**Exercise**
Return the lines beginning at the one that contains "Bomba Erección Rx5" and continuing to the end of the entries, including both ends, exactly as written and nothing else.

Dataset content section start

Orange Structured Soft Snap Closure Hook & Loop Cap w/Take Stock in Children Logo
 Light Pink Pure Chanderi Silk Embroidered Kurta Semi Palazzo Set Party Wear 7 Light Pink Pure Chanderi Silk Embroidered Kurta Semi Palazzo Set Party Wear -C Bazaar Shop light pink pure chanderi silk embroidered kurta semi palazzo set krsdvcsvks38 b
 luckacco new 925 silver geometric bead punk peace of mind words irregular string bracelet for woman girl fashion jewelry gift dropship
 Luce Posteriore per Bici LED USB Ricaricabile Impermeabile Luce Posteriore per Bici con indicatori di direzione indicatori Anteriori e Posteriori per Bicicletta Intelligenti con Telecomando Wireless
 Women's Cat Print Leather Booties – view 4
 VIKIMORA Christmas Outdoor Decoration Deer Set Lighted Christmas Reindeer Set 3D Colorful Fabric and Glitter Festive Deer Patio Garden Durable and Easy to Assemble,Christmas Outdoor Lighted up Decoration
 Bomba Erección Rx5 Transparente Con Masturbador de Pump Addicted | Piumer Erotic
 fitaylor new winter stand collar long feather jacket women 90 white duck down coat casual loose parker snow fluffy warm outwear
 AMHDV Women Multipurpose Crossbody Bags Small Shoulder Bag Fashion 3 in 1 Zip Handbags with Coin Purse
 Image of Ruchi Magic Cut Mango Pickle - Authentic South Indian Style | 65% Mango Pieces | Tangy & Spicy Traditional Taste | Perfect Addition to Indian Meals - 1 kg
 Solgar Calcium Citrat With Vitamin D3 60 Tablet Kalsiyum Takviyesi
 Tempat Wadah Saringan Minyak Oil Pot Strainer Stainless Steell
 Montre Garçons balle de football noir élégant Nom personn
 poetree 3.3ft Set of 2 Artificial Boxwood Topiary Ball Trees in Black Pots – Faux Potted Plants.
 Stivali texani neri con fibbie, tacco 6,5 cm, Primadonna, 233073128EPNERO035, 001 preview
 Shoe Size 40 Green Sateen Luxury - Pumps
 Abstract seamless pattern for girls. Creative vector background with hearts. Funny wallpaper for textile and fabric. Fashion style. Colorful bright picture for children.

Dataset content section end

**Solved problem**
 Bomba Erección Rx5 Transparente Con Masturbador de Pump Addicted | Piumer Erotic
 fitaylor new winter stand collar long feather jacket women 90 white duck down coat casual loose parker snow fluffy warm outwear
 AMHDV Women Multipurpose Crossbody Bags Small Shoulder Bag Fashion 3 in 1 Zip Handbags with Coin Purse
 Image of Ruchi Magic Cut Mango Pickle - Authentic South Indian Style | 65% Mango Pieces | Tangy & Spicy Traditional Taste | Perfect Addition to Indian Meals - 1 kg
 Solgar Calcium Citrat With Vitamin D3 60 Tablet Kalsiyum Takviyesi
 Tempat Wadah Saringan Minyak Oil Pot Strainer Stainless Steell
 Montre Garçons balle de football noir élégant Nom personn
 poetree 3.3ft Set of 2 Artificial Boxwood Topiary Ball Trees in Black Pots – Faux Potted Plants.
 Stivali texani neri con fibbie, tacco 6,5 cm, Primadonna, 233073128EPNERO035, 001 preview
 Shoe Size 40 Green Sateen Luxury - Pumps
 Abstract seamless pattern for girls. Creative vector background with hearts. Funny wallpaper for textile and fabric. Fashion style. Colorful bright picture for children.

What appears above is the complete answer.